• About this exercise: For this exercise, output exactly and only the lines running from the one with "The Celestial Vindicators" through the final line of the data below, without pictures.

[Short descriptive text snippets]
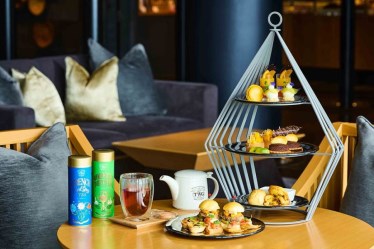 ザ・ラウンジ（ANAインターコンチネンタル別府リゾート＆スパ内）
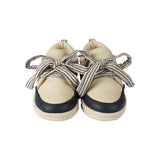 Donsje Lenson Sneakers | Cream Leather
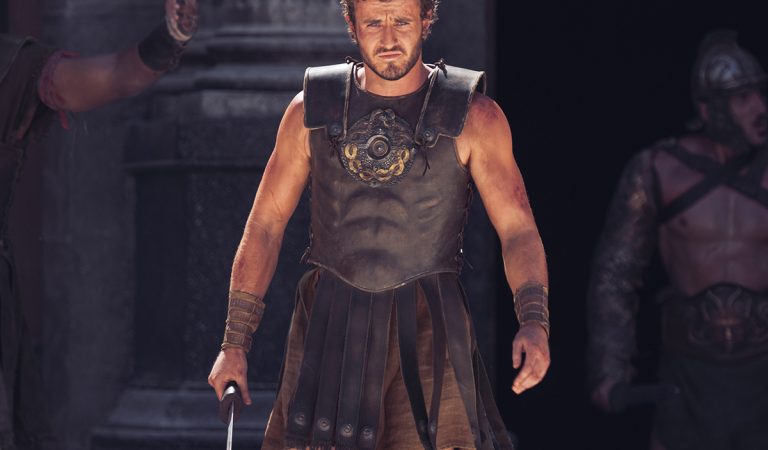 Historický epos Gladiátor II bude plný akcie, intríg aj emócií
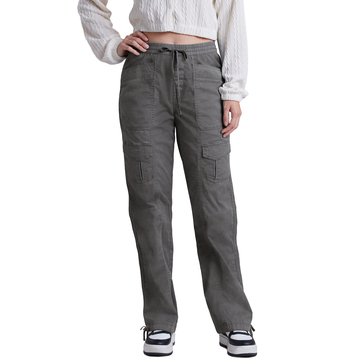 Unionbay Women's Sonika Cargo Straight Leg Pants
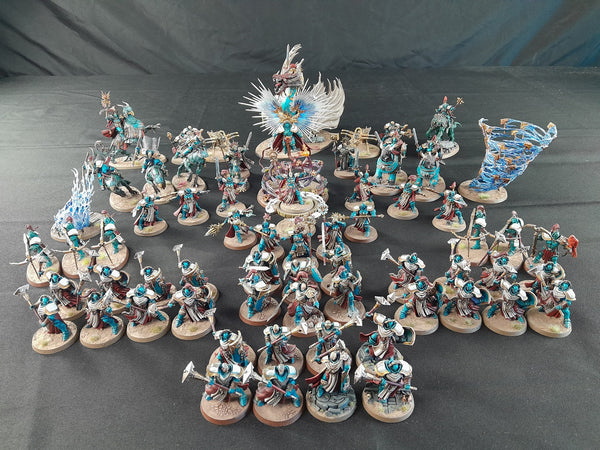 The Celestial Vindicators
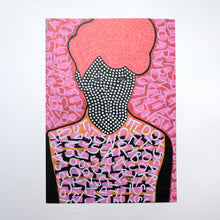 Cargar imagen en el visor de la galería, Neon Pop Art Fashion Poster Print
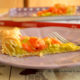 Torta salata tricolore Bimby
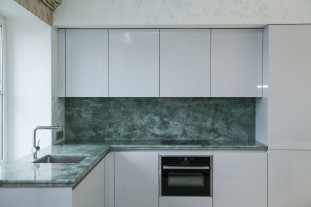 Venezia Stone Кварцит Emerald Green 20Mm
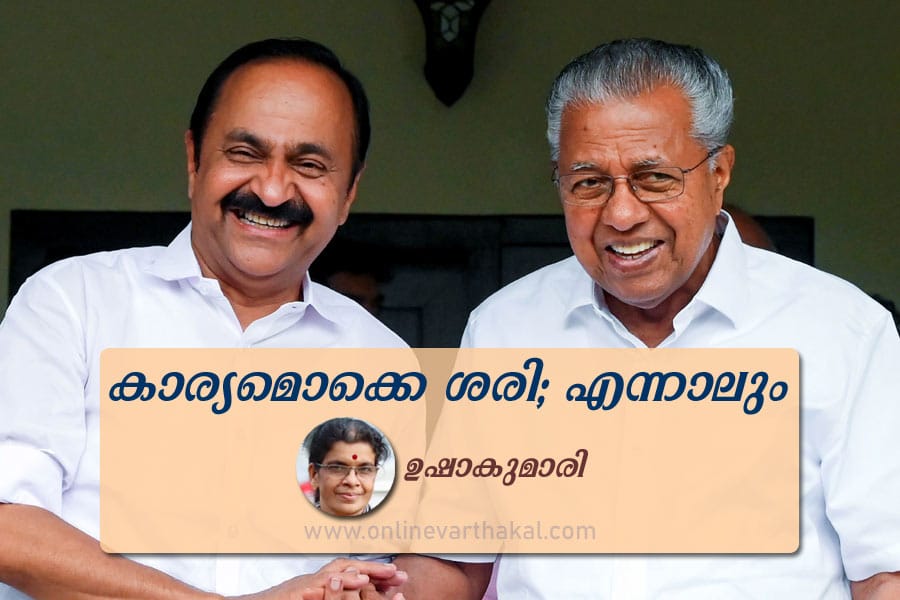 കാര്യമൊക്കെ ശരി; എന്നാലും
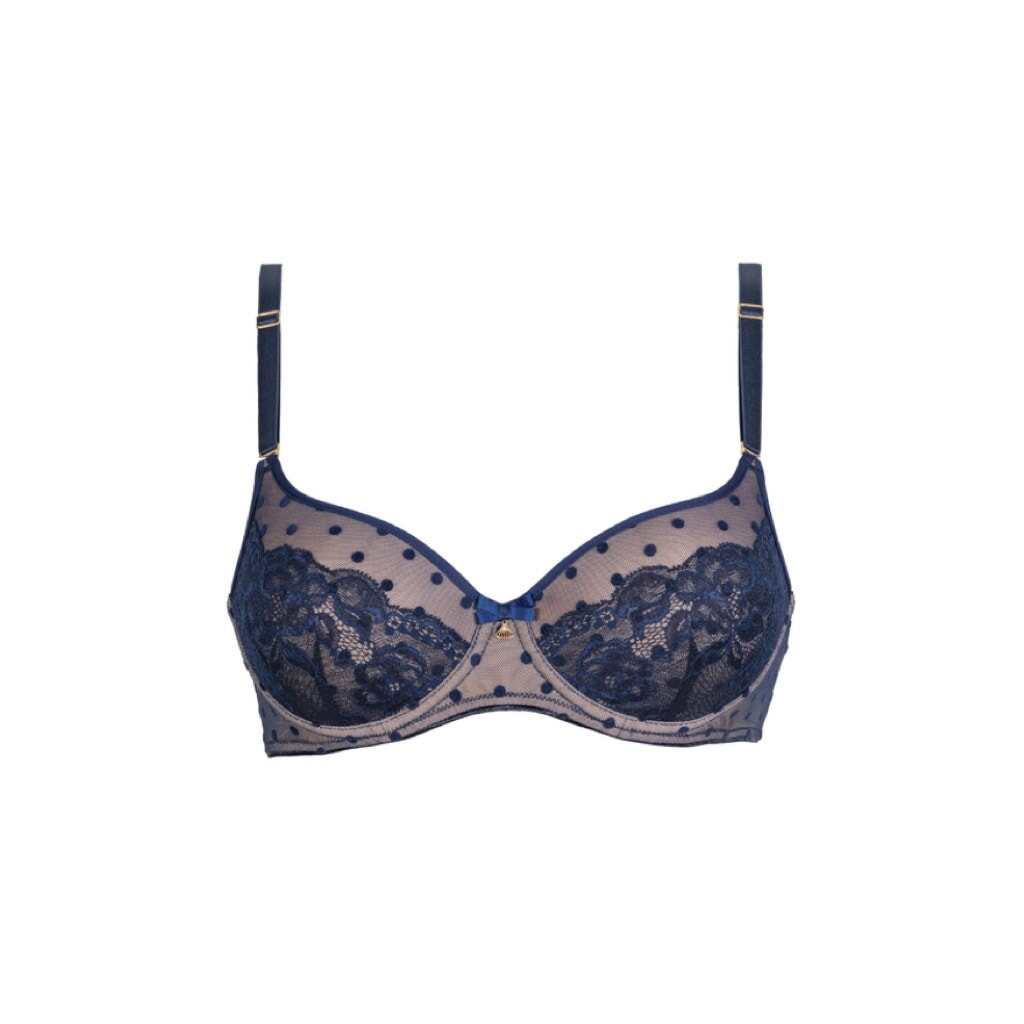 Dacapo Maestra voorgevormde bh Deep Blue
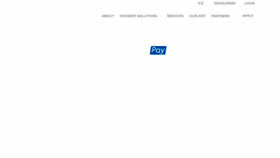 What Superiorpay.com website looked like in 2020 (3 years ago)
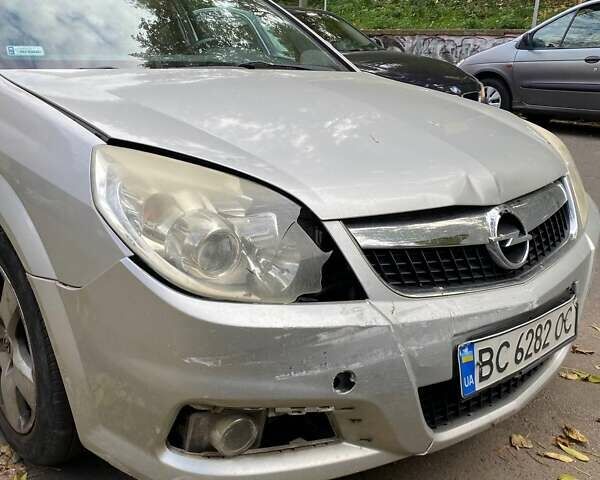 Опель Вектра 2007 в Львове на Automoto.ua Серый Опель Вектра, объемом двигателя 1.8 л и пробегом 225 тыс. км за 3000 $, фото 6 на Automoto.ua
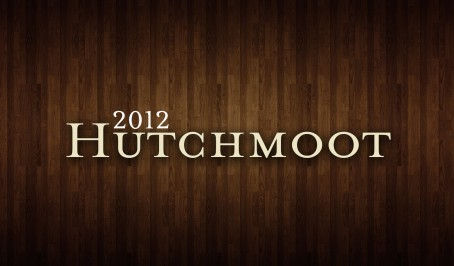 Hutchmoot 2012: Session List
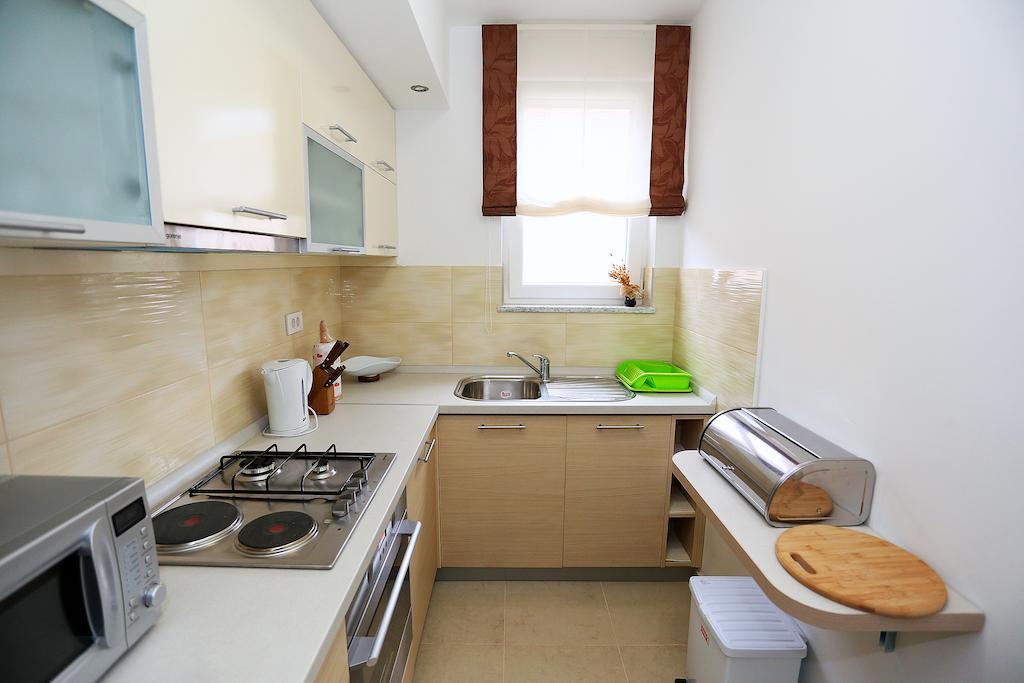 Apartments Ivana - Iva Zadar Ruang foto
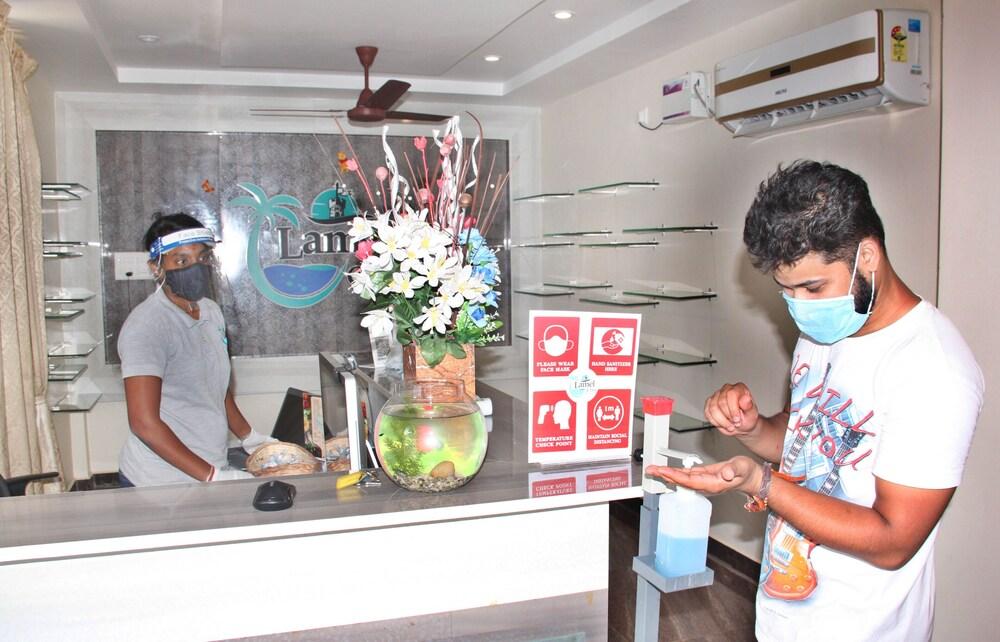 Lamel Cove Beach Resort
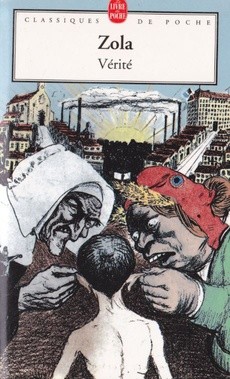 Vérité - couverture livre occasion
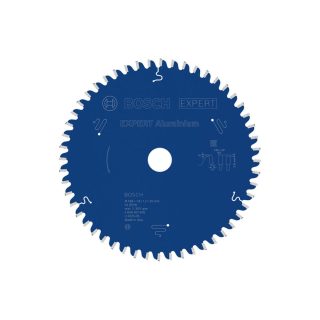 BOSCH list kružne pile 168x20x1,8 mm, 52Z, Expert Aluminium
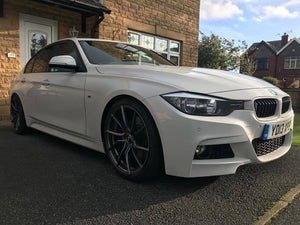 BMW 3 Series F30 (11~up)用 CEIKA カスタム車高調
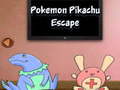 Spil Pokemon Pikachu Escape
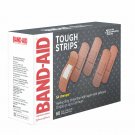 Band-Aid Tough-Strips Adhesive Bandages 5X Stronger All One Size 60 Ct, 5 Pack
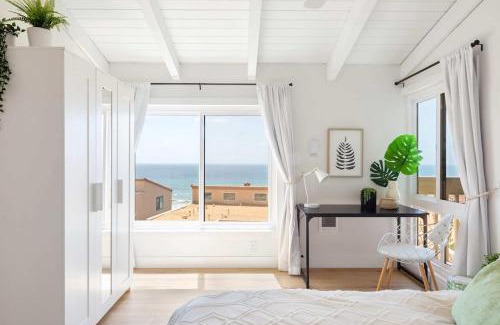 Solana Beach House | Boho Solana Stunner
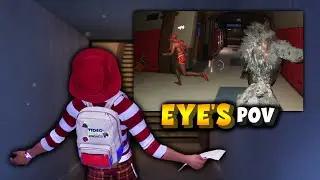 I'm Never Crafting an Eye Again! - VHS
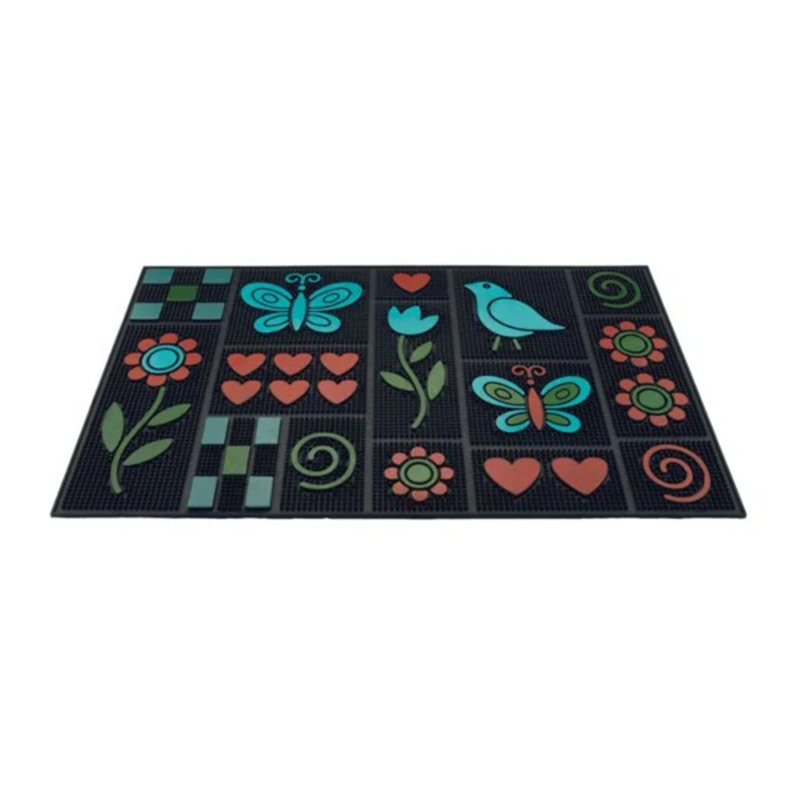 Doormat Rubber, Garden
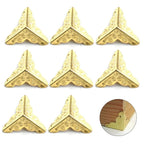 8Pc Corner Protector for Wood Case Desk Edge Guard (Universal)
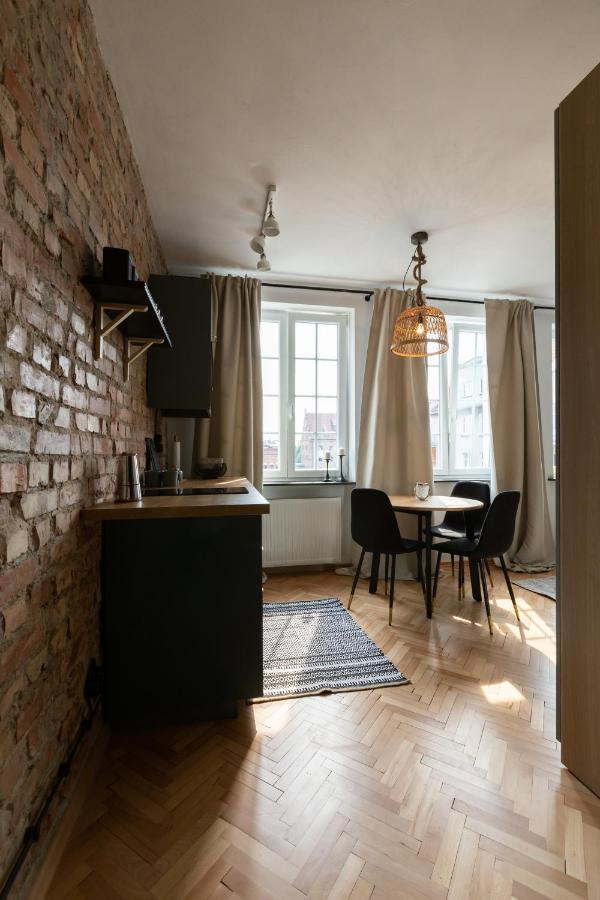 Apartament Nad Motlawa グダニスク エクステリア 写真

• Response to this task:
 The Celestial Vindicators
 Cargar imagen en el visor de la galería, Neon Pop Art Fashion Poster Print
 Torta salata tricolore Bimby
 Venezia Stone Кварцит Emerald Green 20Mm
 കാര്യമൊക്കെ ശരി; എന്നാലും
 Dacapo Maestra voorgevormde bh Deep Blue
 What Superiorpay.com website looked like in 2020 (3 years ago)
 Опель Вектра 2007 в Львове на Automoto.ua Серый Опель Вектра, объемом двигателя 1.8 л и пробегом 225 тыс. км за 3000 $, фото 6 на Automoto.ua
 Hutchmoot 2012: Session List
 Apartments Ivana - Iva Zadar Ruang foto
 Lamel Cove Beach Resort
 Vérité - couverture livre occasion
 BOSCH list kružne pile 168x20x1,8 mm, 52Z, Expert Aluminium
 BMW 3 Series F30 (11~up)用 CEIKA カスタム車高調
 Spil Pokemon Pikachu Escape
 Band-Aid Tough-Strips Adhesive Bandages 5X Stronger All One Size 60 Ct, 5 Pack
 Solana Beach House | Boho Solana Stunner
 I'm Never Crafting an Eye Again! - VHS
 Doormat Rubber, Garden
 8Pc Corner Protector for Wood Case Desk Edge Guard (Universal)
 Apartament Nad Motlawa グダニスク エクステリア 写真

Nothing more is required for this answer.